Records>
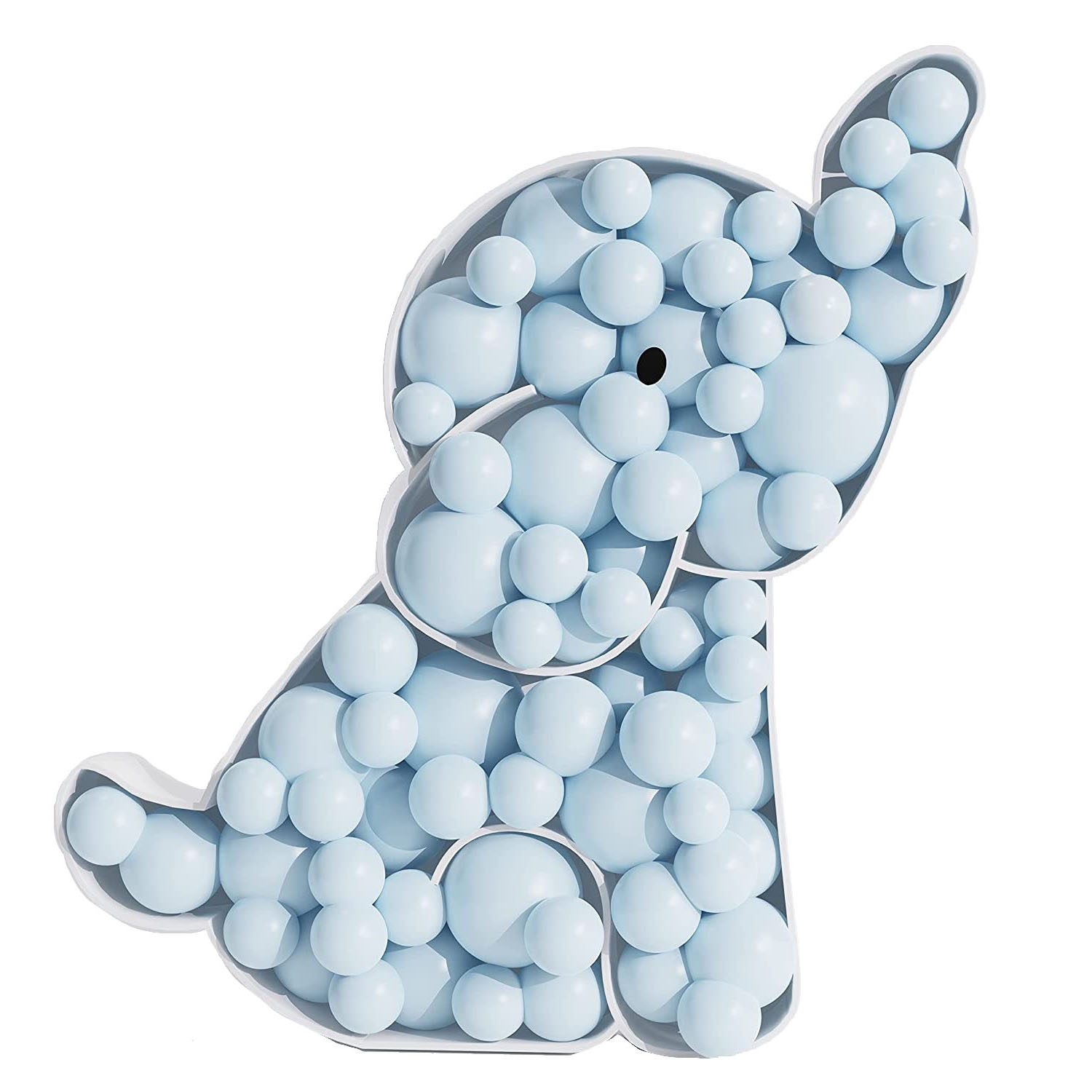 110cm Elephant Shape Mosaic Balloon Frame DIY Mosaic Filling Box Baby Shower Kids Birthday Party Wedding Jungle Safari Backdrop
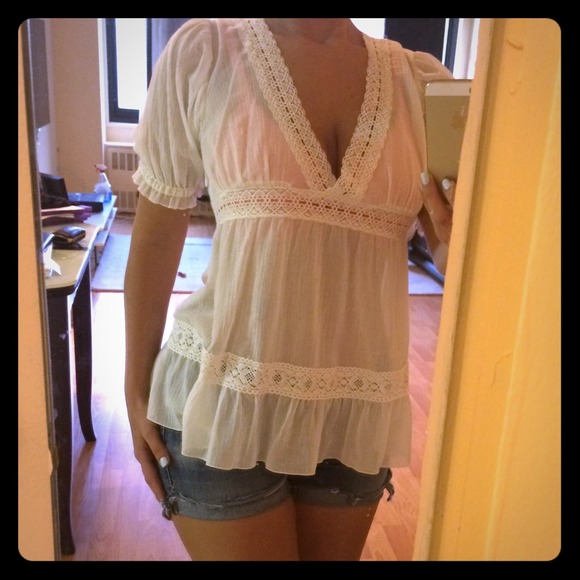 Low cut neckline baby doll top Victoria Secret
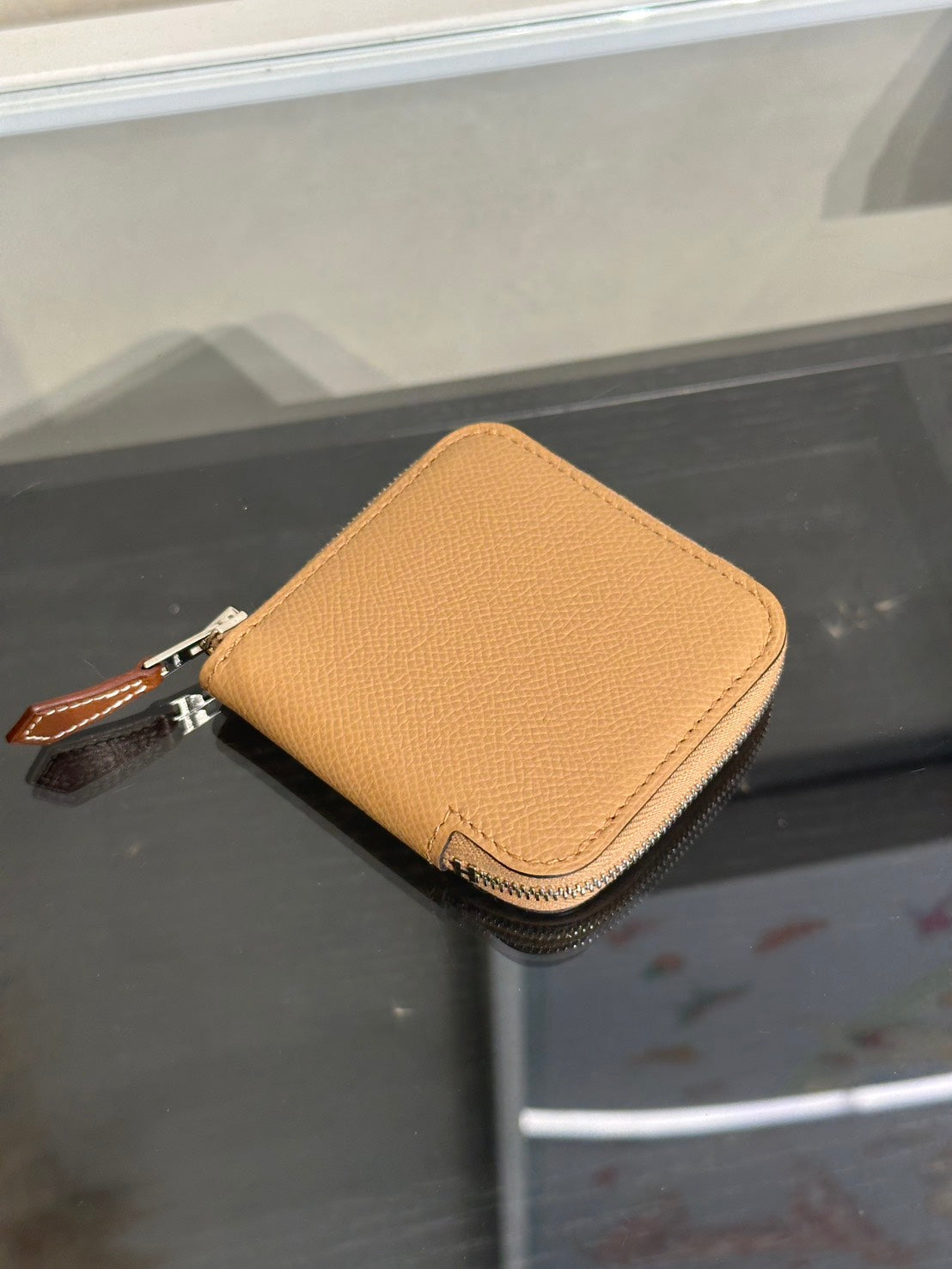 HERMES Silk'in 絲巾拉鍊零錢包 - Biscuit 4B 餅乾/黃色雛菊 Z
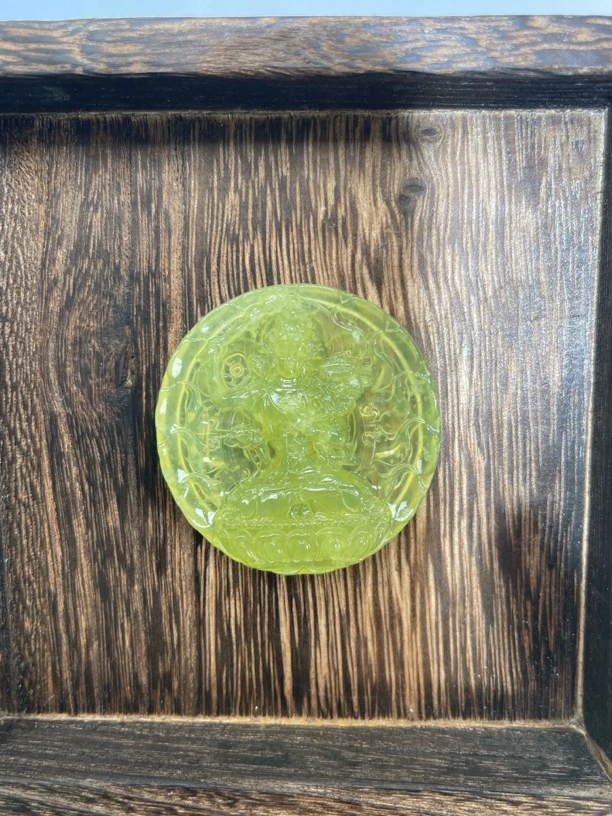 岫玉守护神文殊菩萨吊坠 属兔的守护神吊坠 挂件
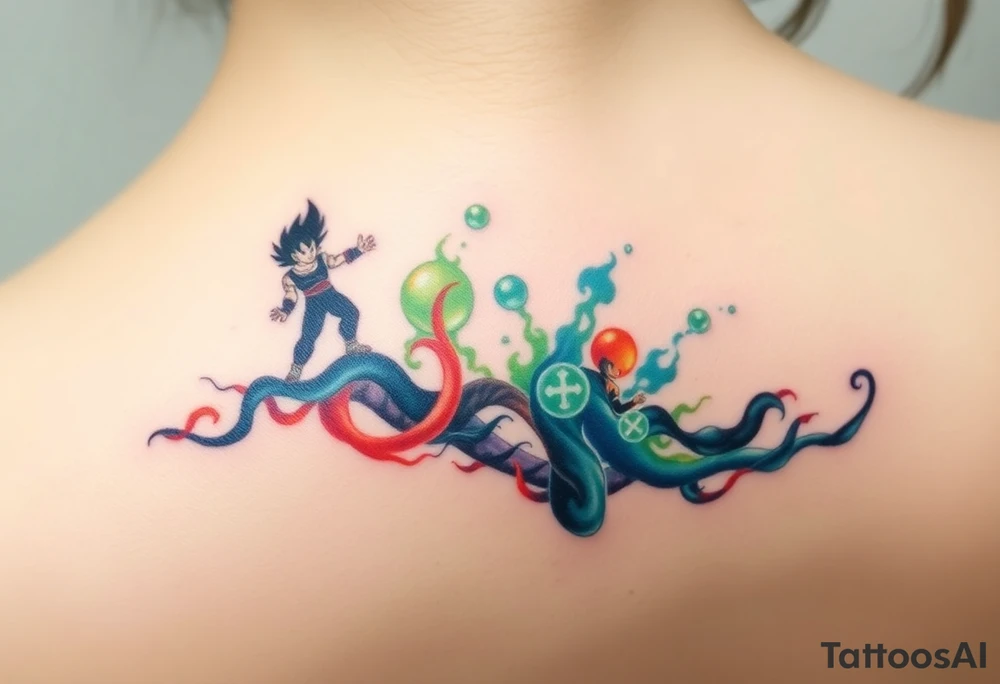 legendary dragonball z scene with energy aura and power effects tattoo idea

What the task requires>
Could you output the full set of entries exactly, skipping every picture?

Exercise output>
 110cm Elephant Shape Mosaic Balloon Frame DIY Mosaic Filling Box Baby Shower Kids Birthday Party Wedding Jungle Safari Backdrop
 Low cut neckline baby doll top Victoria Secret
 HERMES Silk'in 絲巾拉鍊零錢包 - Biscuit 4B 餅乾/黃色雛菊 Z
 岫玉守护神文殊菩萨吊坠 属兔的守护神吊坠 挂件
 legendary dragonball z scene with energy aura and power effects tattoo idea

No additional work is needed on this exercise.